Advent is about so much more than Christmas Day and the birth of Jesus. Advent is about experiencing the joy of waiting. Each year we wait again for the coming of Jesus and much of the joy is found in the anticipation.

CULTIVATE PATIENCE

Waiting of course is difficult. Patience is not a skill our society seeks to develop in its members. Patience is often only referred to when we need to be polite. Patience is not a virtue associated with success. Successful people are people of action. Patience requires one to hold back and experience what is present. Patience in-fact is the perfect philosophical experience of what is post-modern. Patience requires one to live in the ‘now’.

Advent can inspire us to enter into this interesting viewpoint. We can become more whole by entering into the moment as we joyfully await what is to come. Such a challenging task requires some preparation. We need to contemplate what we might do and how we might achieve this approach.

St Ignatius would suggest that the best way to achieve patience and develop a habit of waiting joyfully would be to linger in the present.
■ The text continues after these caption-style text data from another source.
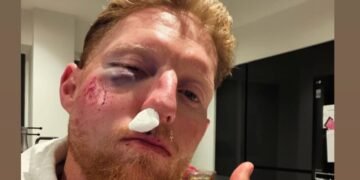 Ben Stokes Left Bloodied After Net Session Mishap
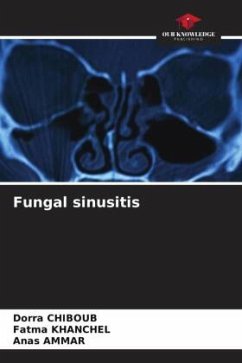 Fungal sinusitis - CHIBOUB, Dorra;khanchel, Fatma;AMMAR, Anas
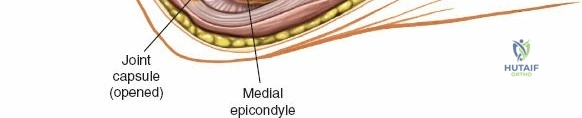 Clinical Image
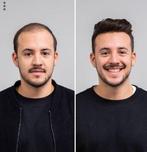 Nieuwe Toupet - Direct Meer Haar!, Ophalen of Verzenden, Nieuw, Pruik of Haarverlenging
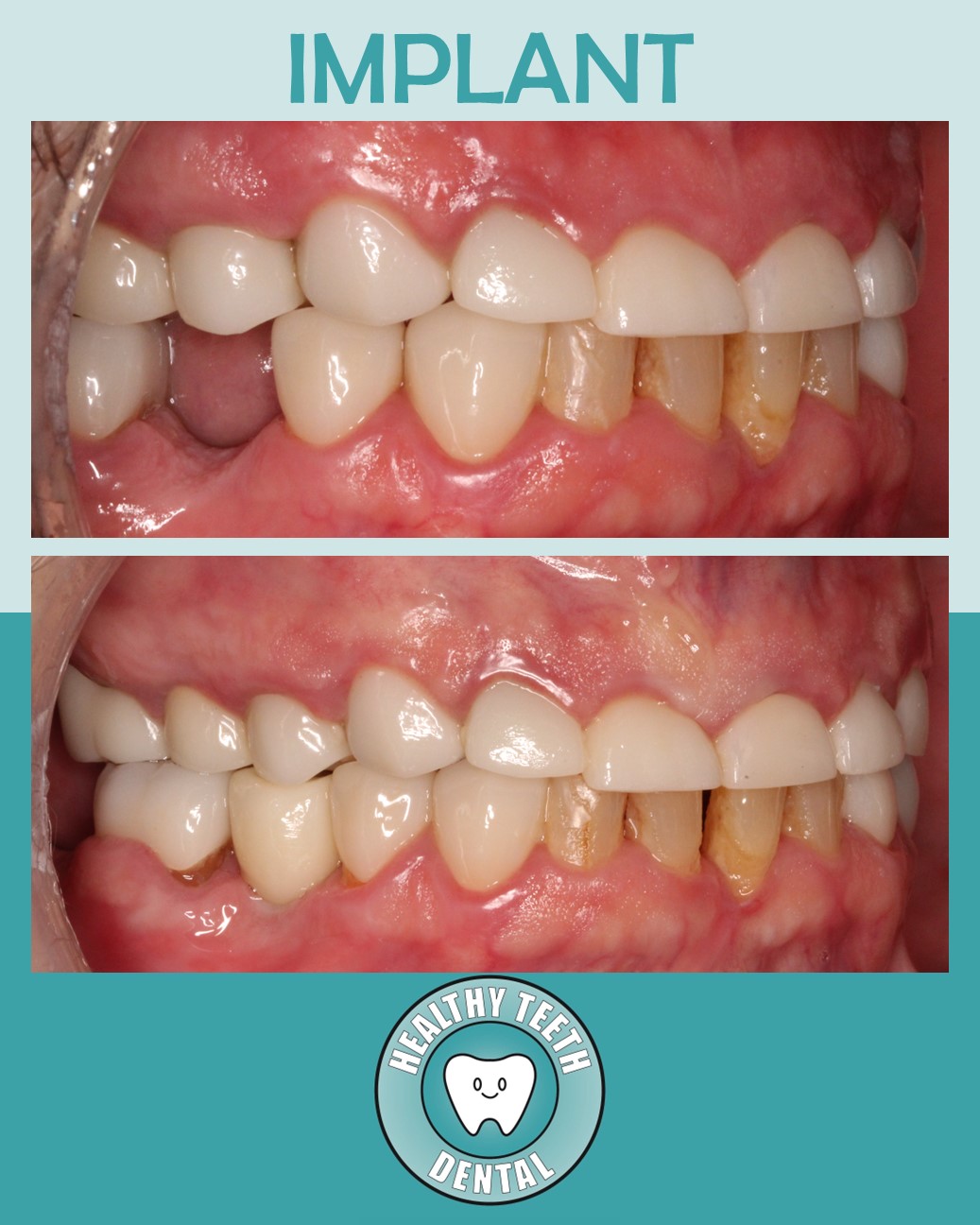 Before and after side view of dental implant restoration replacing tooth #29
Soak up everything the present moment offers. Notice the beauty in the simple aspects. Everything is beautiful and able to offer an experience of God. By lingering in the present moment we are better able to perceive what is; rather a that what was or might be.

BEAUTY IS ALL AROUND

Beauty is not extraordinary or exceptional in itself. Beauty is all around us in every way. Often, however, we are so caught up in the future or the past that we miss the beauty of every moment. When we wait patiently and linger in the present we see with clarity the extravagant abundance of beauty around us.

As the academic year draws to a conclusion and Advent begins, pause for a moment and consider how you might best approach the coming joyous season. What are you waiting for and how best might you enter into and draw profit from the experience of waiting? How will you ‘wait’ over the next weeks? What do you hope to gain from the season of Advent? Can lingering in the present offer you the gift of Christmas Day right now? In being attentive to the ‘now’ how might beauty be revealed in new and extraordinary ways?

I wish you well as you contemplate these thoughts and the joyful waiting found in the end of the school year and the season of Advent.